Okay, so this is nothing like a statistically significant sample of the programming universe, I know. But equally, conversations with my peers suggest that these are not uncommon phenomena.

So what is the problem, exactly? The problem, as I see it, is akin to one of stalled shu-ha-ri. The GoF book has been very successful at encouraging developers to consider the implications of their design choices. It contains concrete implementation details, which make it easy for developers to apply each pattern. But that very ease of application has also, I suspect, stymied deeper thought for many developers about the underlying justifications for patterns. In particular, I think that some programmers develop blind spots around the edges of the patterns that they apply to their code.

I've seen a number of cases where patterns from the GoF have been applied inappropriately. The best of these cases merely introduced unnecessary complexity. The worst cases actually led to serious issues of rigidity, fragility and immobility in the surrounding code. Clearly patterns are not a panacea, yet I've seen them used that way, as if by rote. Of course, this reflects a failing of the developer(s) concerned in each case, not a failing on the part of the GoF. But my concern is that the GoF patterns make traps like these easy to fall into.

Patterns are (or should be) a means to an end, not an end in and of themselves. Instead the end should be a design that is flexible, robust and reusable. Perhaps that sounds easier said than done, but it is the natural consequence of adhering to the five SOLID principles of object-oriented design, collectively popularised by Uncle Bob.

In a recent, unscientific straw poll of eleven of my peers, only two of us were familiar with the SOLID principles, yet all eleven were familiar with the GoF book.

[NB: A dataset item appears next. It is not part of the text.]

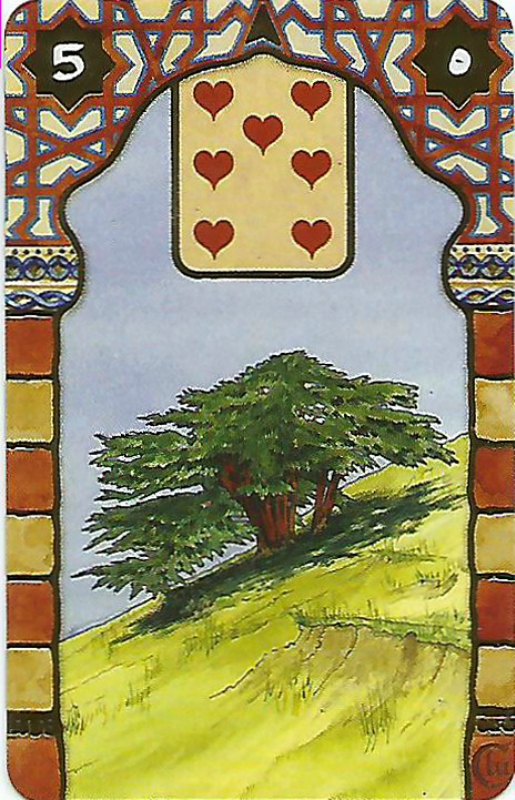 Rana George Lenormand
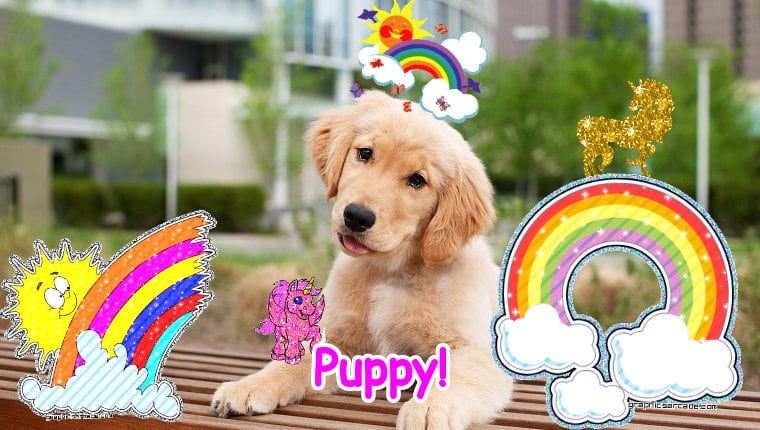 Super fun divine divine cool fun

This state of affairs worries me greatly.

Briefly, the five SOLID principles are as follows.

• Single responsibility principle: Every class should have exactly one reason to change.
• Open-closed principle: Bertrand Meyer's paradigm-defining assertion that classes "should be open for extension, but closed for modification". That is to say, new behaviour can be added to a class without needing to modify it.
• Liskov substitution principle: Derived classes must be substitutable for their base classes. Everything that is true of a base class must also be true of its derived classes.
• Interface segregation principle: Classes should provide separate interfaces, according to the sets of methods that are required by their clients or client groups.
• Dependency inversion principle: Dependencies should be on abstract interfaces, rather than on concrete implementations.

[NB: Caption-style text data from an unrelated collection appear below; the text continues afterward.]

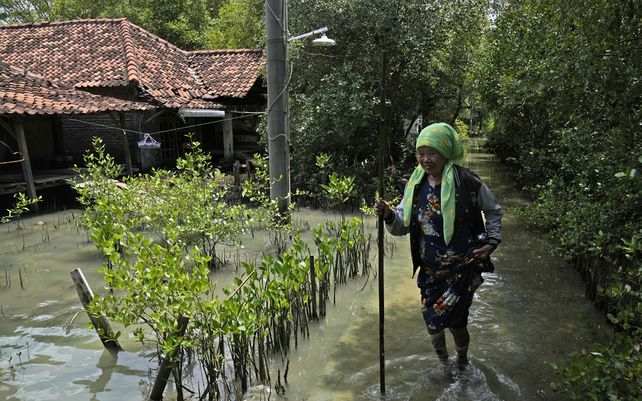 Una residente local camina a lo largo de una calle de una aldea sumergida en agua debido al aumento del nivel del mar en la aldea de Mondoliko, Java Central, Indonesia. 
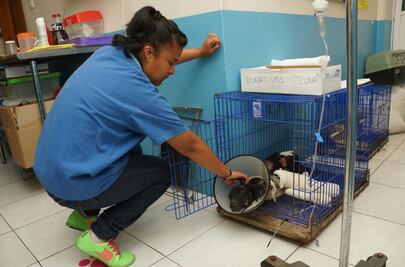 Se recupera perrita “Luna” en Oaxaca; piden donativos para hospitalización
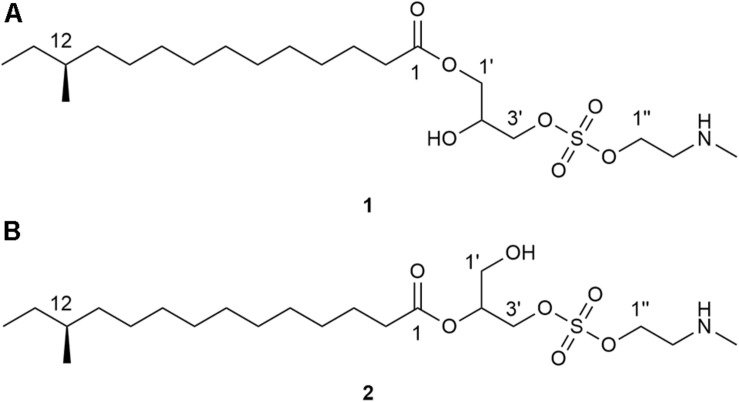 FIGURE 2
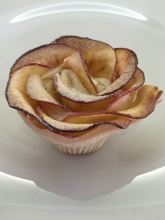 2017-01-16-photo-00000293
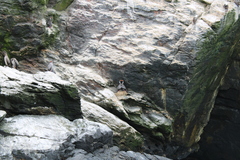 Poikilocarbo gaimardi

These are the principles that underpin all good object-oriented design, including the patterns in the GoF book. And it is these principles that should be a lingua franca in design discussions, regardless of the specific programming languages involved. Of course, the GoF patterns can and should still be used where they are suitable. But they should be used within a framework of understanding the design principles on which they are based.